There, behind the upper semicircular windows, time
passes, fashions and styles, rulers and epochs change, sometimes wars and revolutions occur.
Here, below, soloists and an orchestra are playing, the audience freezes in anticipation of the music…
But if you look closely at the pendants of crystal chandeliers, you can see
how everything you have experienced is reflected in them.
You just need to take a closer look.
Listen. "
From December 6, all connoisseurs of world music and the history of St. Petersburg and Russia have access to a new multimedia video tour "Solo for a hall with an orchestra", which tells about the fate of the Great Hall of the St. Petersburg Academic Philharmonic named after D. D. Shostakovich, a legendary cultural space where the main musical routes intersect country. Thanks to the partnership of Rostelecom, Russia’s largest integrated provider of digital services and solutions, the video tour can be viewed on the digital video service Wink (https://wink.rt.ru/) at any time, free of charge and without registration.
The Hall of the Nobility Assembly is not just an architectural monument for St. Petersburgers: it is a cult place, an independent character in an endless musical play about the great city.
Having become the hero of a multimedia video course, the Hall of the Nobility Assembly through the decades, through the centuries pronounces its monologues either in the voice of a violin by David Oistrakh, or in the polyphony of a symphony orchestra led by the baton of Yevgeny Mravinsky, or recalls the pages of a stormy biography in the voice of an unknown newspaper boy: “Tomorrow, tomorrow! We will finally hear him! " "His" - Liszt… Strauss… Tchaikovsky… Wagner… Whatever name - the whole universe in the world of music!

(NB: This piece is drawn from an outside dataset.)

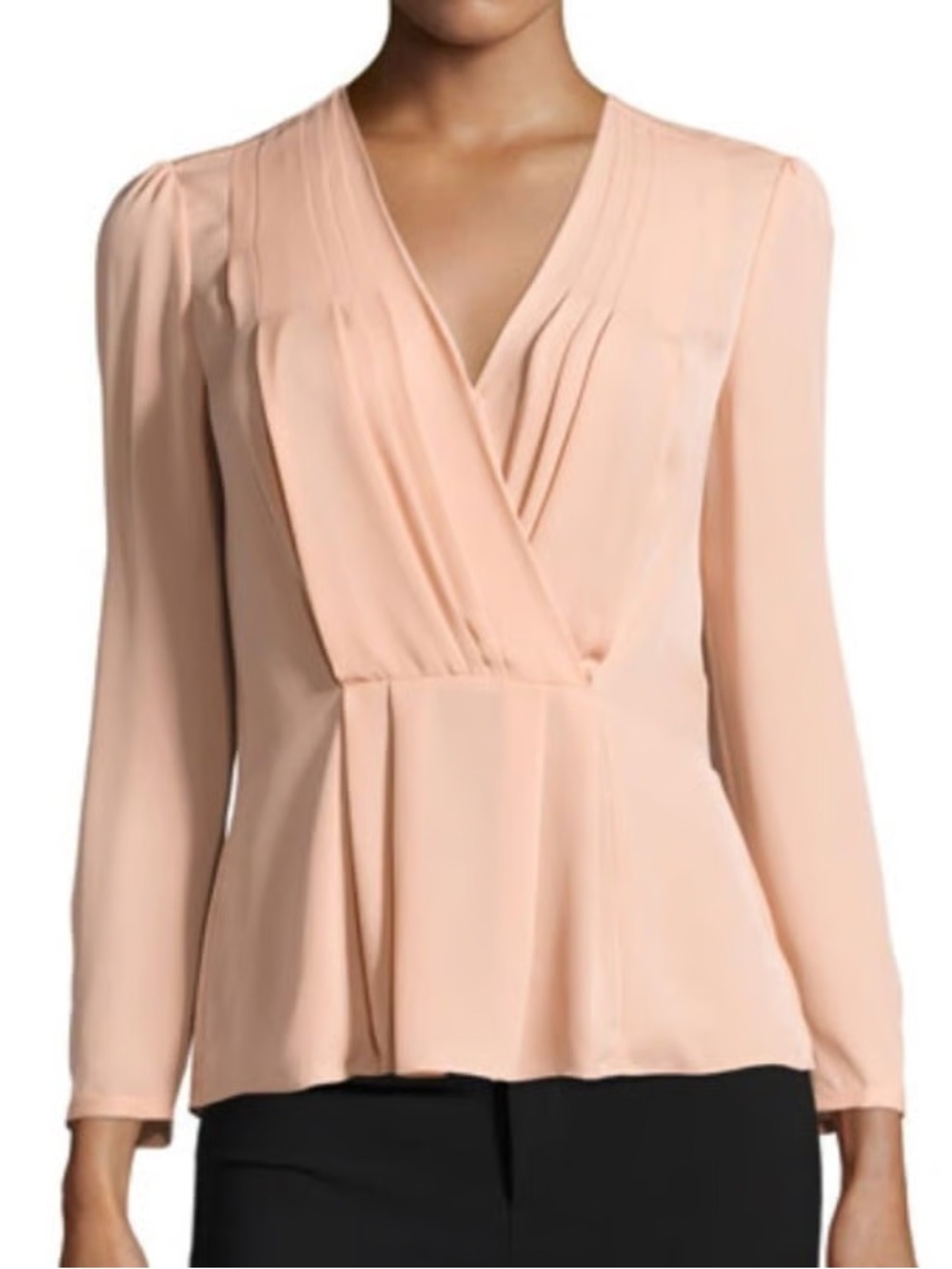 Rebecca Taylor 100% Silk Georgette Surplice Neck Blouse Nude Pink Size 6‎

In a close-up shot - the curves of molded volutes, the shine of crystal: small details merging into majestic interiors. And the voice-over asks to listen, to look closely to see the reflections of what has been experienced within these walls, to plunge into the atmosphere reigning here, to be carried away by the narration and to dissolve in the sounds of music. The narration in real time flows into the documentary, into the fantasy-historical: artistic directorial techniques make it possible to feel the interconnection of times and feel how the once-thundered ovations are clearly imprinted in our minds.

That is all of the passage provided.